Lazy Skills perform pre-inference relevance filtering in Python:
async def _check_and_load_relevant_skills(self, user_message: str):
“”“Check if any enabled skills are relevant before LLM inference.”“”
for skill_dict in enabled_skills_list:
# Skip already-loaded skills
if skill_info.loaded_level >= 2:
continue
# Build keyword set from metadata and type
skill_keywords = [
skill_dict[”name”].lower(),
skill_dict[”description”].lower(),
]
if skill_dict[”type”] == “executable”:
skill_keywords.extend([”run”, “execute”, “call”, “api”])
# Simple keyword matching
user_message_lower = user_message.lower()
is_relevant = any(keyword in user_message_lower for keyword in skill_keywords)
if is_relevant:
skill_content = self.skill_registry.load_level2(skill_name)
# Inject as system message before LLM call
self.add_message(”system”, f”# SKILL LOADED: {skill_name}\n\n{skill_content}”)
Trade-offs:
Pro: Faster, no inference overhead, deterministic
Pro: Skills are loaded before the LLM sees the message, so they’re available immediately
Con: Less sophisticated relevance detection (keyword matching vs. semantic understanding)

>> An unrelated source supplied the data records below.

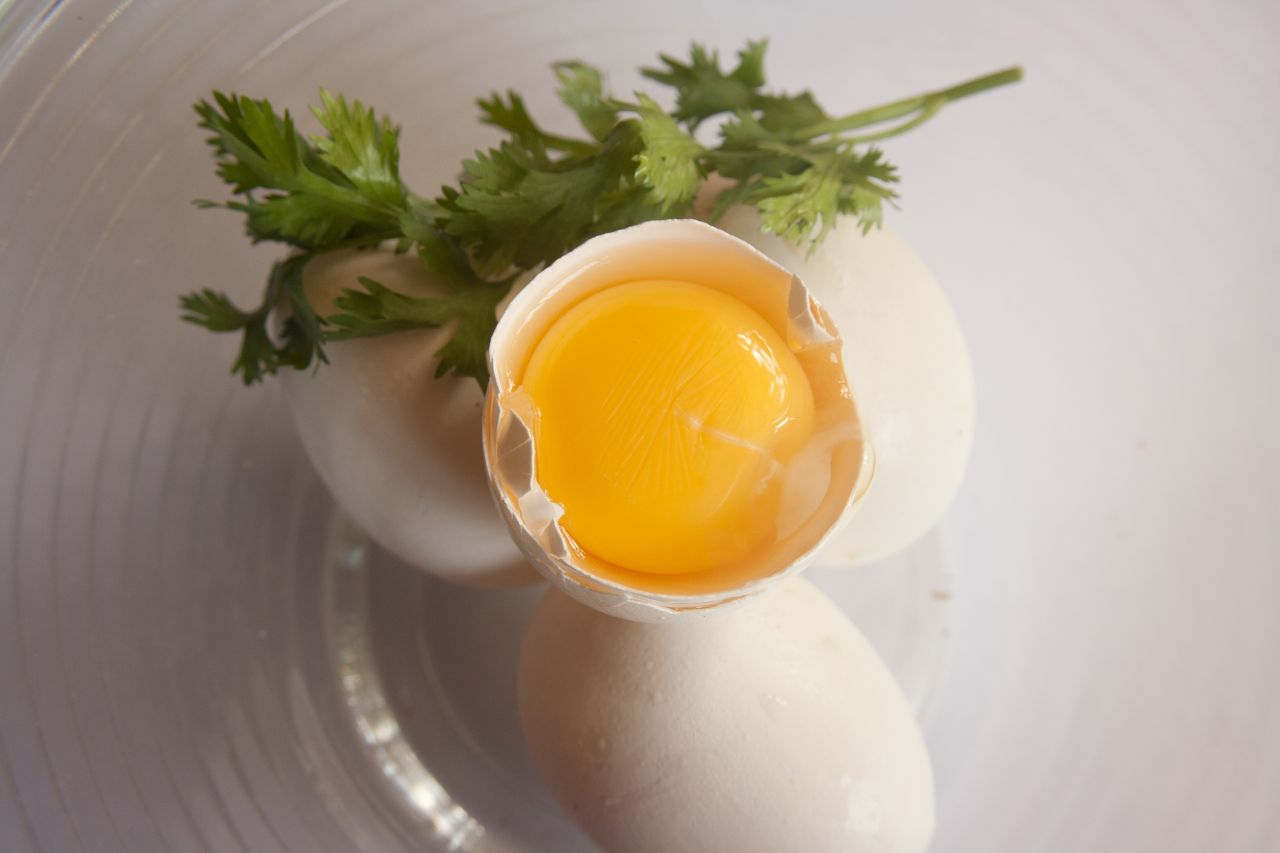 Eggs Yolk Coriander Stock Free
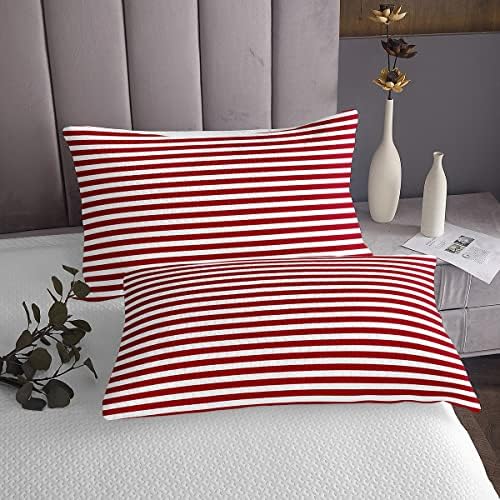Erosebridal King Size Red White Bedspread Set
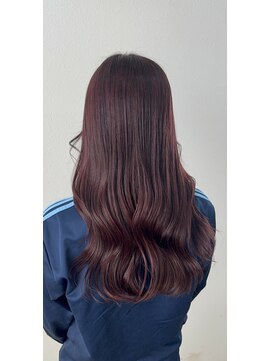 タイドヘアー 高槻2号店(TIDE HAIR) ワインレッドアンブレラカラー（デザインカラー）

Con: May load irrelevant skills if keywords match spuriously
In practice, simple keyword matching works surprisingly well for skill counts under ~50. For larger skill libraries, we could swap in semantic similarity (embedding-based matching) without changing the architecture.
4. Skill Types as Loading Strategy Hints
Both systems support different skill types, but Lazy Skills use type information to change loading behavior:
class SkillType(Enum):
EXECUTABLE = “executable” # Can reach Level 3 (tool registration)
CONTEXTUAL = “contextual” # Stops at Level 2 (documentation only)
COMPOSITE = “composite” # Level 3 for orchestration
Contextual skills never register as tools—they’re pure documentation/guidance. The agent uses them to inform its behavior but can’t “call” them. This prevents bloat in the tool schema.
Executable skills can be promoted to Level 3 when the agent explicitly decides to invoke them, registering a subprocess-wrapped tool.
Composite skills can orchestrate multiple tools or skills, potentially registering higher-order tools that coordinate sub-capabilities.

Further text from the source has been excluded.